Normal scores transformation is useful to coerce a variable to a standard normal distribution.

The *blom* function in the *rcompanion* package
can transform a single variable with a few different normal scores
transformation methods. The default method used by this function is the
Elfving method, with options for Blom, van der Waerden, Tukey, and rankit
methods. It can also perform z score transformation and scaling a variable to
a specified range.

This chapter will address the turbidity data used in the previous chapter.

### Packages used in this chapter

The packages used in this chapter include:

• rcompanion

The following commands will install these packages if they are not already installed:

if(!require(rcompanion)){install.packages("rcompanion")}

### Example of normal scores transformation

In this hypothetical data set, the distribution for *turbidity*
is quite skewed.

Input =("

Location Turbidity

a 1.0

a 1.2

a 1.1

a 1.1

a 2.4

a 2.2

a 2.6

a 4.1

a 5.0

a 10.0

b 4.0

b 4.1

b 4.2

b 4.1

b 5.1

b 4.5

b 5.0

b 15.2

b 10.0

b 20.0

c 1.1

c 1.1

c 1.2

c 1.6

c 2.2

c 3.0

c 4.0

c 10.5

")

Data = read.table(textConnection(Input),header=TRUE)

library(rcompanion)

plotNormalHistogram(Data$Turbidity)

qqnorm(Data$Turbidity,

ylab="Sample Quantiles for Turbidity")

qqline(Data$Turbidity, col="red")

#### Normal scores transformation

Here, the normal scores transformation results in a variable that is fairly close to a normal distribution, with a mean of approximately zero and standard deviation of approximately one.

library(rcompanion)

Data$TurbidityNST = blom(Data$Turbidity)

plotNormalHistogram(Data$TurbidityNST)

qqnorm(Data$TurbidityNST,

ylab="Sample Quantiles for NST Turbidity")

qqline(Data$TurbidityNST, col="red")

mean(Data$TurbidityNST)

[1] 0.004098743

sd(Data$TurbidityNST)

[1] 0.9635998

#### Attempt ANOVA on un-transformed data

As seen in the last chapter, the residuals from the analysis deviate from the normal distribution, perhaps enough to make the analysis invalid. The plot of the residuals vs. the fitted values shows that the residuals are somewhat heteroscedastic, though not terribly so. The boxplot suggests that the data within some groups are relatively skewed.

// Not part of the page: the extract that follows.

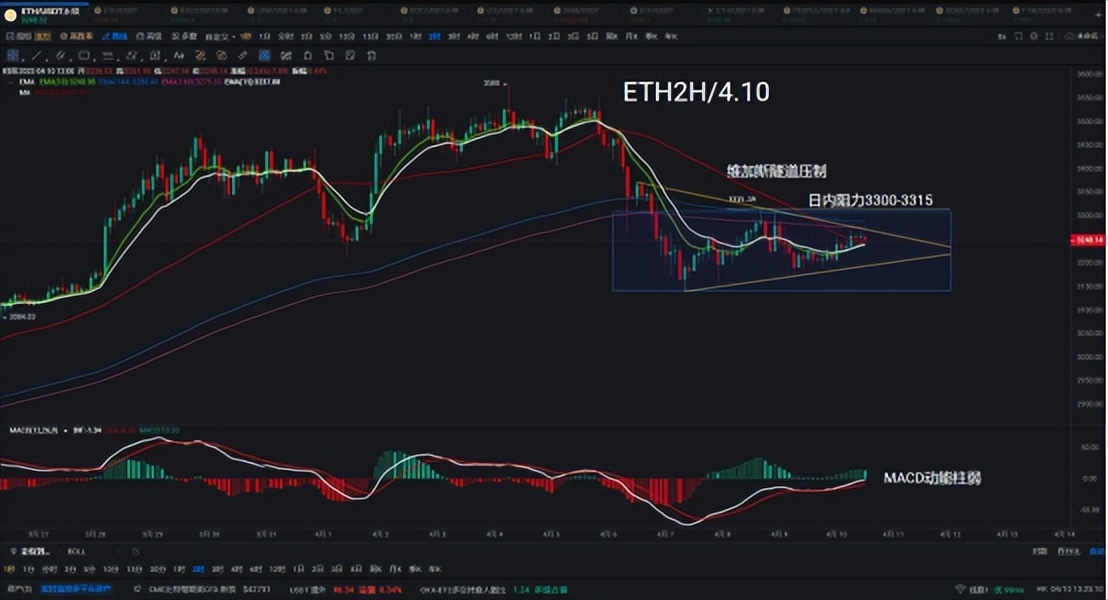 以太坊需坚守3100，失守将被大饼带入空头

boxplot(Turbidity ~ Location,

data = Data,

ylab="Turbidity",

xlab="Location")

model = lm(Turbidity ~ Location,

data=Data)

library(car)

Anova(model, type="II")

Anova Table (Type II tests)

Sum Sq Df F value Pr(>F)

Location 132.63 2 3.8651 0.03447 *

Residuals 428.95 25

x = (residuals(model))

library(rcompanion)

plotNormalHistogram(x)

qqnorm(residuals(model),

ylab="Sample Quantiles for residuals")

qqline(residuals(model),

col="red")

plot(fitted(model),

residuals(model))

#### ANOVA with normal scores transformed data

In this case, after transformation, the residuals from the
ANOVA are closer to a normal distribution—although not perfectly—, making the *F*-test
more appropriate. The plot of the residuals vs. the fitted values shows that
the residuals are reasonably homoscedastic.

boxplot(TurbidityNST ~ Location,

data = Data,

ylab="NST Turbidity",

xlab="Location")

model = lm(TurbidityNST ~ Location, data=Data)

library(car)

Anova(model, type="II")

Anova Table (Type II tests)

Response: TurbidityNST

Sum Sq Df F value Pr(>F)

Location 8.7627 2 6.7167 0.004628 **

Residuals 16.3075 25

x = residuals(model)

library(rcompanion)

plotNormalHistogram(x)

qqnorm(residuals(model),

ylab="Sample Quantiles for residuals")

qqline(residuals(model),

col="red")

plot(fitted(model),

residuals(model))

### Conclusions

In this case, the normal scores transformation on the dependent variable resulted in a model whose residuals met the assumptions of normal distribution and homoscedasticity fairly well. This may not be the case in all situations.